The British in India displayed a casual racism, and sometimes brutality, which caused sensitive witnesses to recoil. Troop-Sergeant Clive Branson was a peacetime artist born in the subcontinent, a former member of the communist International Brigade in Spain. He wrote of his compatriots’ behaviour: ‘Those bloody idiots in the regular army … treat the Indians in such a way which not only makes one tremble for the future, but which makes one ashamed of being one of them … Never will any of us … forget the unbelievable, indescribable poverty in which we have found people living wherever we went.’ If those at home knew the truth, said Branson, ‘there would be a hell of a row – because these conditions are maintained in the name of the British’.

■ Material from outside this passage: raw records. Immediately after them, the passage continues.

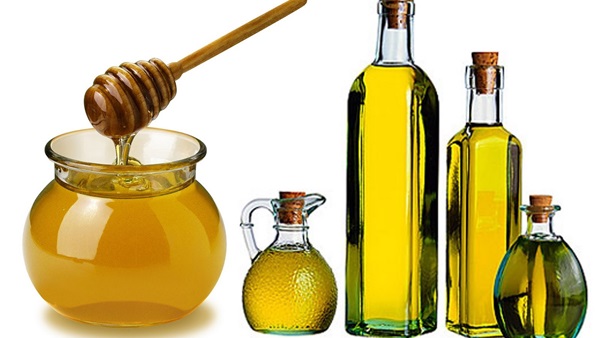 زيت الزيتون وعسل النحل يحمى شعرك من الجفاف 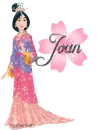 Mulan - Joan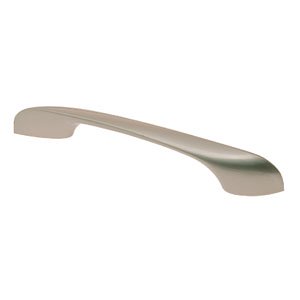 1105 SATIN NICKEL 96 MM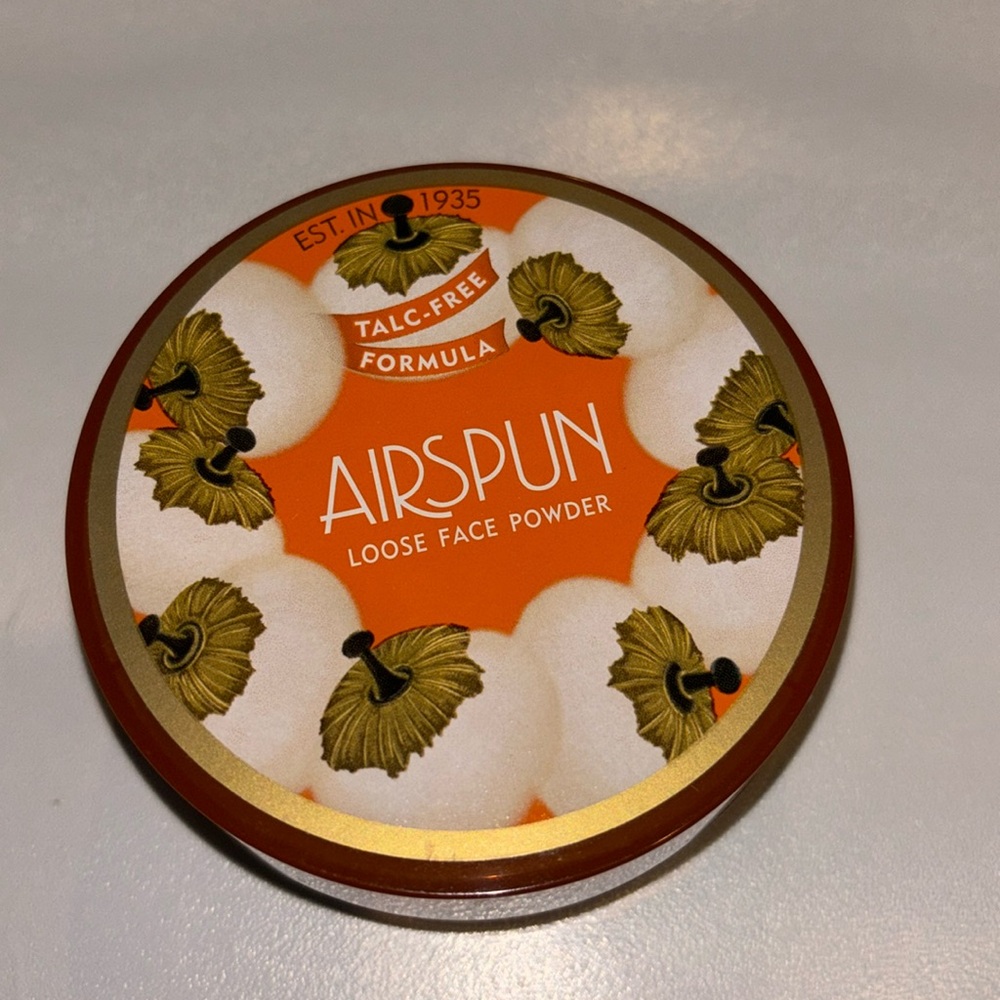 Coty airspun loose face powder honey beige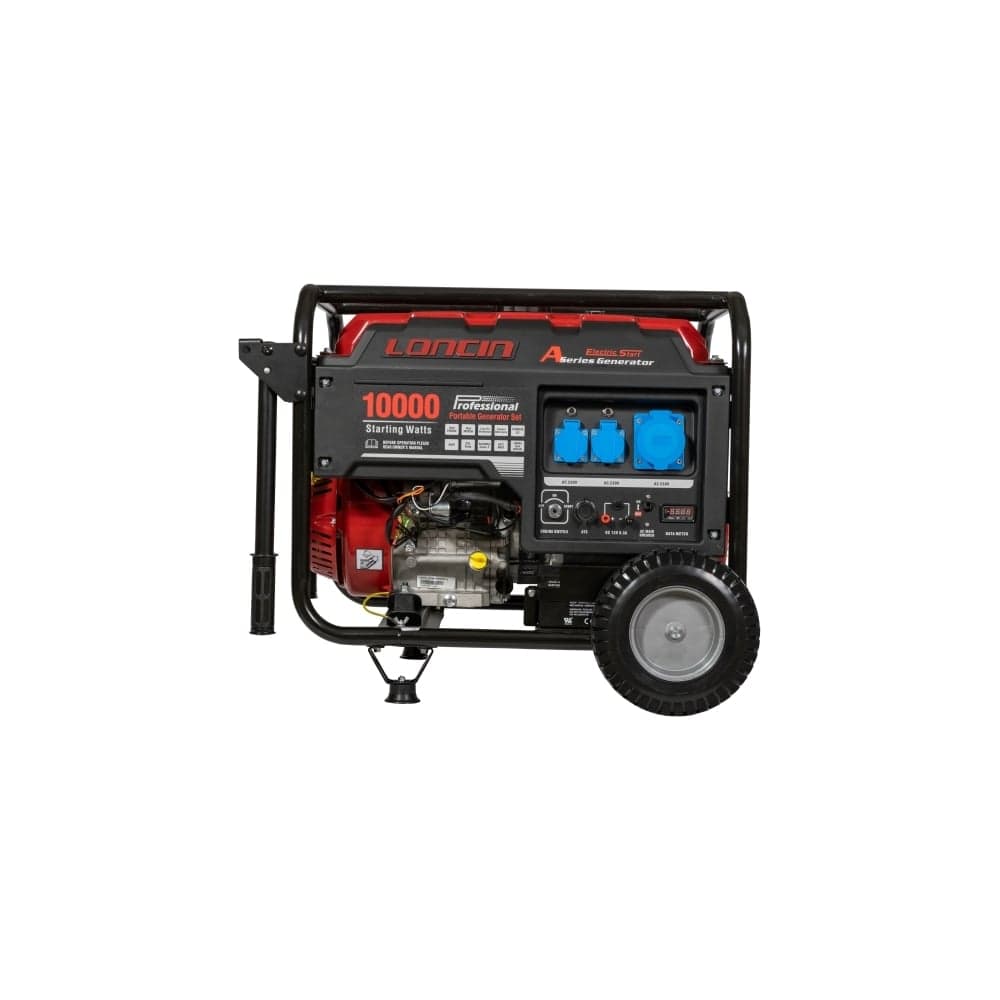 Генератор Loncin LC10000D-AS, 3-х фазный 00-00152817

There were grievances in the ranks of the Indian Army, mostly about soldiers’ inferior conditions of service compared to those of their British counterparts. One group of men wrote jointly to their commanding officer: ‘In the eyes of Mahatma Gandhi all are equal but you pay a British soldier Rs75/-and to an Indian soldier you pay Rs18/-only.’ Another man complained: ‘An Indian subadar salutes a British soldier, but the British soldier does not salute an Indian subadar. Why is this so?’ Nor were Indians the only victims of the Raj’s harsh governance: in December 1942, 2,115 Japanese civilian internees were held by the British at Purama Quila camp outside Delhi in scandalous conditions of squalor and privation; by the year’s end 106 of them had died, some of beriberi and dysentery. The Japanese empire presided over many worse things, on a vastly greater scale; but the deaths at Purama Quila reflected deplorably on British competence as well as humanity.